AI Hallucinations as Business Threat
This problem is by no means limited to the tourism industry – it lies in the implementation of AI itself.
Within clearly defined parameters, AI works brilliantly. You can provide it with structured data, up-to-date APIs, and it will outperform you by a wide margin. It will sort cases according to seventeen parameters, instantly scan the rules, and generate ready-to-use drafts in seconds. But the real world is far from a structured database. Reality is full of edge cases, outdated information, ambiguous preferences, vague wording, and operational gaps.
This is precisely where hallucinations begin to pose a business risk. Studies have repeatedly warned that hallucinations can instantly destroy trust, especially when a customer receives polished but inaccurate information at the moment of decision-making. People are already widely using AI planners, but trust remains lacking.
HNWIs as the ultimate stress test for AI
Now let’s raise the stakes.
AI easily handles standard tasks – an example of such a task is booking a trip from London to Dubai: business class, a four-star hotel for three nights. The real stress test is a brief from an HNWI: it’s our anniversary. She mentioned a restaurant in Amalfi with a blue door. She loves peonies but hates roses, and she’ll feel more comfortable with a driver who speaks French.
Such a request sounds elegant, but from an operational standpoint, it’s a minefield.

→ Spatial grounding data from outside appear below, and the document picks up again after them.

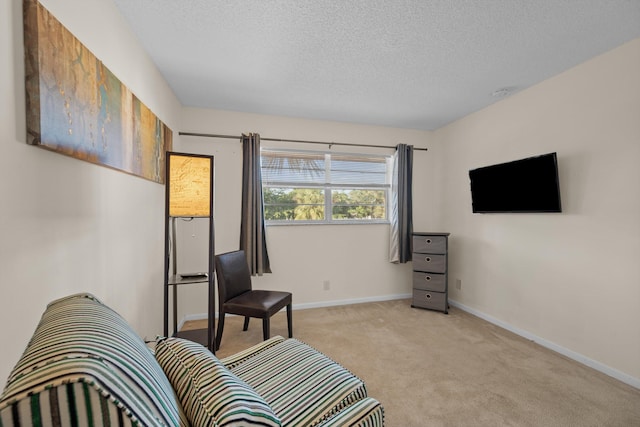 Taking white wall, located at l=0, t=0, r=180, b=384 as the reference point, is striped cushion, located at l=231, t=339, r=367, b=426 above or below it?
below

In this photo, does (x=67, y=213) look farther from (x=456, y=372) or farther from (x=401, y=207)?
(x=401, y=207)

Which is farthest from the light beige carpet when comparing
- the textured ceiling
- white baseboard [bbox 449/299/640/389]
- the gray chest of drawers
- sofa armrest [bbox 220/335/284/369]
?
the textured ceiling

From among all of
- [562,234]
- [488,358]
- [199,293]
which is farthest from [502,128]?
[199,293]

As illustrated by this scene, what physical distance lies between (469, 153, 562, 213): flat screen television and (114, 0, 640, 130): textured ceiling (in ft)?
2.57

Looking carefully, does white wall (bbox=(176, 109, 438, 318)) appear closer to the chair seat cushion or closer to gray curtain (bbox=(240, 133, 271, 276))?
gray curtain (bbox=(240, 133, 271, 276))

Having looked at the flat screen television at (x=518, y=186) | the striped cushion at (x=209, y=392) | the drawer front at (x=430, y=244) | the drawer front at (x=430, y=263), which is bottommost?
the drawer front at (x=430, y=263)

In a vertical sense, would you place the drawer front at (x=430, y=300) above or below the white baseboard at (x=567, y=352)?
above

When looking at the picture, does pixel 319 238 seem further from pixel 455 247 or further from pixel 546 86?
pixel 546 86

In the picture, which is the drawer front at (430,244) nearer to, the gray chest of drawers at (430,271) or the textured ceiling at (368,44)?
the gray chest of drawers at (430,271)

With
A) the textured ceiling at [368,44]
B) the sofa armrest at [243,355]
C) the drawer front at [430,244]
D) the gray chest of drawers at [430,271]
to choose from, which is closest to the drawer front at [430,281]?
the gray chest of drawers at [430,271]

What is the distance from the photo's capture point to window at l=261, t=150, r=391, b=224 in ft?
11.7

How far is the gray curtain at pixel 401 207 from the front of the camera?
385 centimetres

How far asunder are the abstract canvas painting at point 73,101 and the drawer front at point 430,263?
317 cm

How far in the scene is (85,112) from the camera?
1253mm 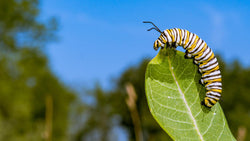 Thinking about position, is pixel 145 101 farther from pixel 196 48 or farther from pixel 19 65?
pixel 196 48

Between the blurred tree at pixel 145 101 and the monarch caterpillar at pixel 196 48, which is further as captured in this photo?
the blurred tree at pixel 145 101

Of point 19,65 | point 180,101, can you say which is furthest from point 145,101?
point 180,101

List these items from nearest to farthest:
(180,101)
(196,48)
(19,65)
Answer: (180,101) < (196,48) < (19,65)

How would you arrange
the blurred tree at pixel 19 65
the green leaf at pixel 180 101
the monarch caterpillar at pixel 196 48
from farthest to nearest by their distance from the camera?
the blurred tree at pixel 19 65
the monarch caterpillar at pixel 196 48
the green leaf at pixel 180 101

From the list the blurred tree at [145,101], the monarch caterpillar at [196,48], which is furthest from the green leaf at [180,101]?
the blurred tree at [145,101]

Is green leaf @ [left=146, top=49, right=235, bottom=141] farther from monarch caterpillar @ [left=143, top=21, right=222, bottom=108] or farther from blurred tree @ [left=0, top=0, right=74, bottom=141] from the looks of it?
blurred tree @ [left=0, top=0, right=74, bottom=141]

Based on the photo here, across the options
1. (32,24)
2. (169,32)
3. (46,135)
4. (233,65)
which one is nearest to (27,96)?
(32,24)

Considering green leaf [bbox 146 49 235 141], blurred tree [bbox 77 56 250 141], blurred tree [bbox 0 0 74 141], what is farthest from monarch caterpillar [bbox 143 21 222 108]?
blurred tree [bbox 0 0 74 141]

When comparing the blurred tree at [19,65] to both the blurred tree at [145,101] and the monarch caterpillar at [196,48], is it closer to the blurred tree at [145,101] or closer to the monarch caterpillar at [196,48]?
the blurred tree at [145,101]

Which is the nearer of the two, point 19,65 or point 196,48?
point 196,48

An AI agent will certainly suggest options, but it may also provide 40% incorrect information with complete confidence.
Customers in the luxury and HNWI segments reveal the true limitations of AI more quickly than any test could, since their requests are not standardized, and their expectations are emotional, context-dependent, and highly specific. More often than not, such requests are difficult to verify automatically.

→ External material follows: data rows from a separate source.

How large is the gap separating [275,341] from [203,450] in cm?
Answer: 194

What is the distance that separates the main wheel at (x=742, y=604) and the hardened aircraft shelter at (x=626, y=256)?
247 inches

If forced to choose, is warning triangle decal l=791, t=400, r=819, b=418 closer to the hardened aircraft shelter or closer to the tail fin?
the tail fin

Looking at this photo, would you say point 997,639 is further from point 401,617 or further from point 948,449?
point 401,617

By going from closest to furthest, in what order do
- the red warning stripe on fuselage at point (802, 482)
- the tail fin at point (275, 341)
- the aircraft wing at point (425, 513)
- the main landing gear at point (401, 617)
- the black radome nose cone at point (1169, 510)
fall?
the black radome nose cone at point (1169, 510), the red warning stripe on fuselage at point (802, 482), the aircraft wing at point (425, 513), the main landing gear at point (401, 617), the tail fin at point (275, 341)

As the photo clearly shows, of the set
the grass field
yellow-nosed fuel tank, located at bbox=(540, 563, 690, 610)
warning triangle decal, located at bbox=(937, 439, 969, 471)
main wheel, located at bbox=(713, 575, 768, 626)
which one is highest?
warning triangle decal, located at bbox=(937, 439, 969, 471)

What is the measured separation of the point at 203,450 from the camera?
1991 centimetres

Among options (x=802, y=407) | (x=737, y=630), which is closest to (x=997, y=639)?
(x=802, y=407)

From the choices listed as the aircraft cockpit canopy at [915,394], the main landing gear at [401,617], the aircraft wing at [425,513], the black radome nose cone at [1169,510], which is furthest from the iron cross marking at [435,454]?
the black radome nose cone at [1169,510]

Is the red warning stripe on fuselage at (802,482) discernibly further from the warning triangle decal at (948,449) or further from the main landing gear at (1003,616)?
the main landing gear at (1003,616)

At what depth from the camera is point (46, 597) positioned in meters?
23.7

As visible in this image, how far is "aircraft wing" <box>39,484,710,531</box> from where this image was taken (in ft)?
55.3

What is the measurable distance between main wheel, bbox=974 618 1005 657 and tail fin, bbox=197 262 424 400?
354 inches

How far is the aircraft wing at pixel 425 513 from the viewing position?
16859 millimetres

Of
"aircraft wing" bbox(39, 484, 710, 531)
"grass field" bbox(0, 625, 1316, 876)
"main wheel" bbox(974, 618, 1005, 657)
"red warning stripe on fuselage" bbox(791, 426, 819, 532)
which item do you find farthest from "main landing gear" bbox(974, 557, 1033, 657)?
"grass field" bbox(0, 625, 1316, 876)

Moreover, the failure to serve HNWI clients effectively won’t end with a simple refund. It will damage the company’s reputation, as recommendations and trust are crucially important in this segment.
Real employees deal with these hallucinations every day. They notice the restaurant that happens to be closed on the very Tuesday the client arrives, and the quick five-minute walk that actually turns out to be a twenty-five-minute uphill hike with luggage. A trained specialist won’t overlook a boutique hotel that looks perfect in photos but is actually covered in scaffolding due to renovations.

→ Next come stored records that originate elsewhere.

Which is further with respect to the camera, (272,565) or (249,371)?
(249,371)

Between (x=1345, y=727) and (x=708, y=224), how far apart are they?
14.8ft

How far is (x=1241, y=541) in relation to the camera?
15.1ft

Why fintech requires accuracy, not speed
We can apply the same logic to the entire fintech sector. AI can analyze products, compare options, identify anomalies, and generate recommendations quickly and efficiently. But when it comes to money, there is zero tolerance for random errors.
Fintech companies are suddenly paying the price for decisions made by automation – in the form of lost customer trust. Successful companies implement control mechanisms early on, rather than introducing them retroactively once the damage has already been done; the proper model involves human oversight.
An additional verification layer is required between the AI and the client – a stage where the result is thoroughly verified and secure. In fields where the cost of error is high, this layer becomes the foundation of the product.
A more useful concept is infrastructure. AI should focus on structured tasks: research, sorting, comparison, and drafting. In this process, humans should make the final decisions. Over time, some work processes will become stable enough to be fully automated. At that point, it will likely be possible to establish a baseline, but this should be done based on evidence, not on faith.
These ideas may sound less inspiring than the fully autonomous future, but this is exactly how serious companies will ultimately succeed.